What does it mean to affirm pleasure over matter? Most obviously the song adheres to the genre conventions of R&B, a genre where pleasure and sex and desire are what songs are often explicitly about. But perhaps such songs suggest something about the radical potentiality of pleasure as well. ‘Pink Matter’ makes this latent potentiality explicit: Ocean’s declaration that pleasure trumps matter can be read as refusal to accept the terms of a world structured by dualism – a refusal of mind-body splits, of individuated subjects, of possession-by-improvement. ‘From the first moment, which appears to keep happening all the time, all property is posited, beginning with the positing/positioning of a body for locating ownership, and the owned, and a mind for owning’, write Moten and Harney. The modern subject cannot be thought outside of the violence of colonisation and racialisation as the expropriation of land requires the expropriation of the interiority of the racialised other, an interiority that is suppositionally taken to be an exclusive property of the European ‘Man’. ‘The first theft shows up as rightful ownership’, Moten and Harney tell us. ‘This is the theft of fleshly, earth(l)y life, which is then incarcerated in the body.’ The body, in other words, is not merely matter but a construction inseparably tied to the individuated self. ‘The body is just an overseer, a factor, a superintendent for the real landlord, the real owner, the individual, in his noxious, heavy-handed conceptuality’. I read Ocean’s affirmation of pleasure not as affirmation of the bod(il)y but of flesh which, as Hortense Spillers teaches us, is that which precedes the body and so escapes and refuses the racialising grammar the individuated body implies.

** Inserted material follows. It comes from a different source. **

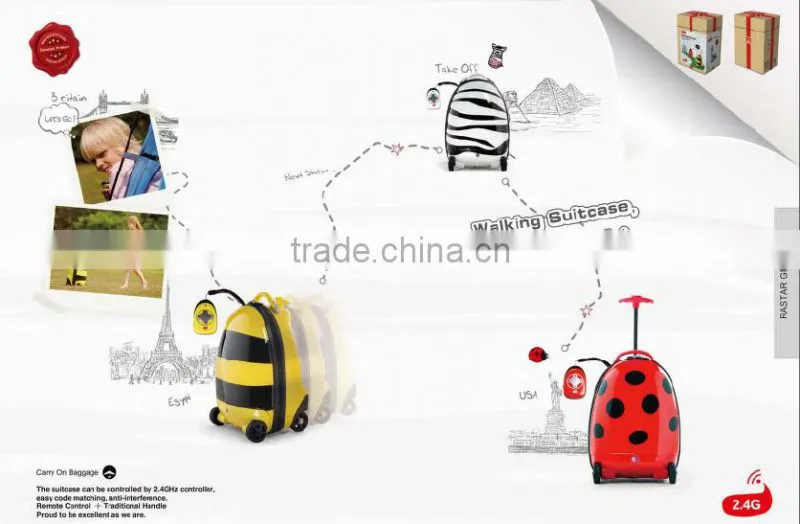 Rastar 2015 newest ABS kids rc remote control suitcase luggage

The gesture of refusal in ‘Pink Matter’ is active. It is not merely a negation but a pivot from refusal to possibility, from pessimism to operationalism (to borrow a concept that Moten develops in his essay ‘Black Op’). The rejection of the mind/body problem and the affirmation of flesh is at once the insistence that property remains vulnerable to sharing, that there is an excess that escapes the violent regimes (economic, juridical, and philosophical) that uphold and reproduce private ownership. Flesh reminds us of the historical contingency of the world we inhabit, it remains, as Moten has put it, both ante- and anti-racial capitalism. Flesh is a condition for the existence of an individuated subject that is positioned in a body and yet is unable to be reduced to this figure. The affirmation of flesh reminds us that a different future is possible.

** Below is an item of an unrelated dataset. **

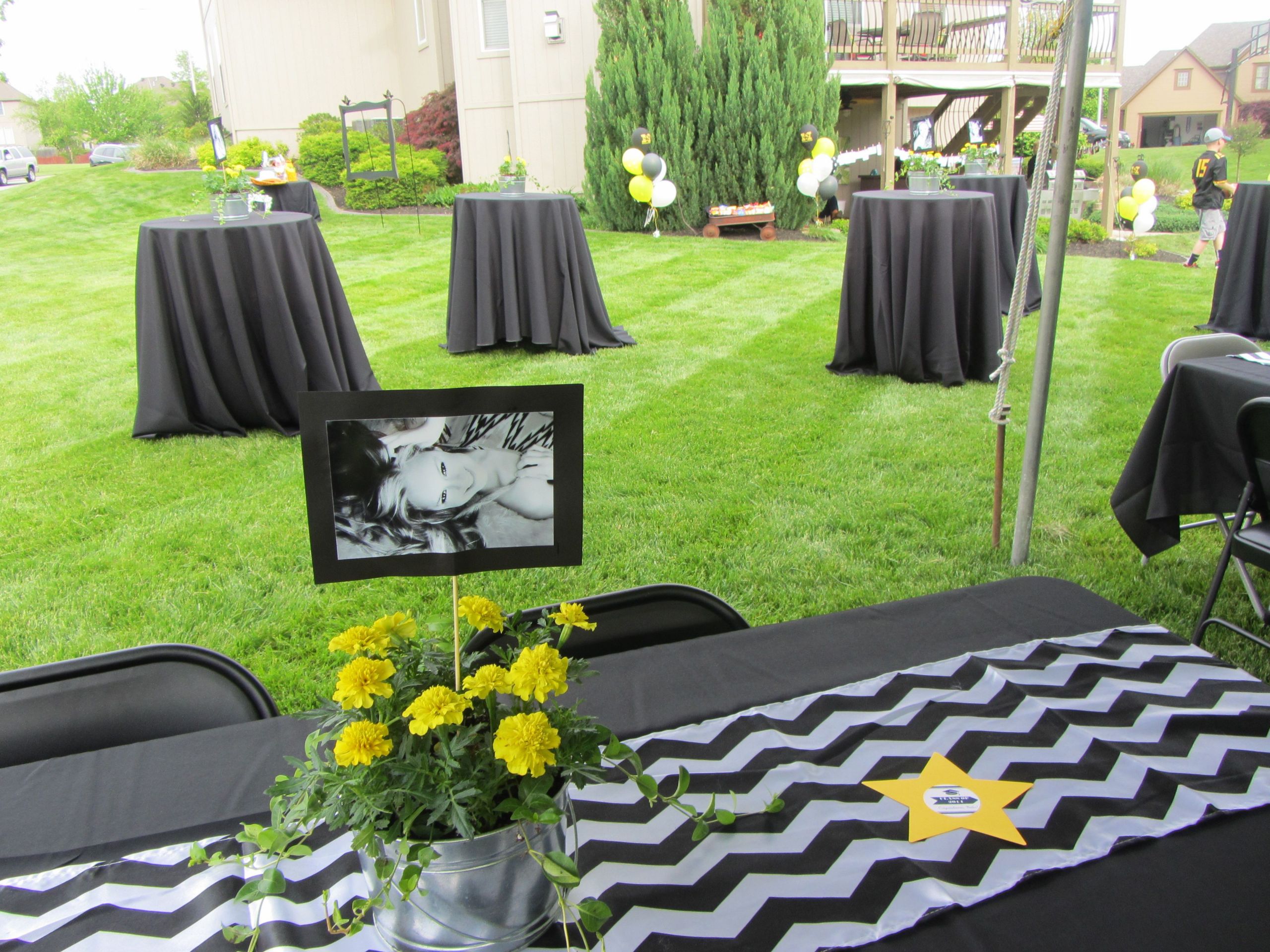Ideas For Outside Graduation Party
 Outdoor Graduation Party Black White Yellow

The excess that spills forth from Ocean when he repeatedly intones the word pleasure reminds me of a line from Moten’s long poem ‘block chapel’: ‘communism is how you get nasty with enjoyment.’ Of course, the communism that Moten has in mind has nothing to do with the twentieth-century projects that took that name, which would more accurately be described as state capitalism, but rather with the promise of another world in which everyone has access to things they need, where we remain vulnerable to sharing and so in turn can share in the needs of everyone. So when Moten writes of the getting nasty with enjoyment, or Ocean sings of pleasure, both are speaking to a kind of excess and abundance – of matter, feeling, embrace, sensation, intimacy, imagination – that moves directly against the misery of capital and the value form and the individual. To dwell in the pleasure of the song or the poem is to take seriously the role that pleasure might play in the making of a different world. The accumulation of pleasure must be a central question in any consideration of what revolution looks and feels like, rather than something to be tackled in its wake. Crucially, the accumulation of pleasure depends on the abolition of the individual and order this figure implies.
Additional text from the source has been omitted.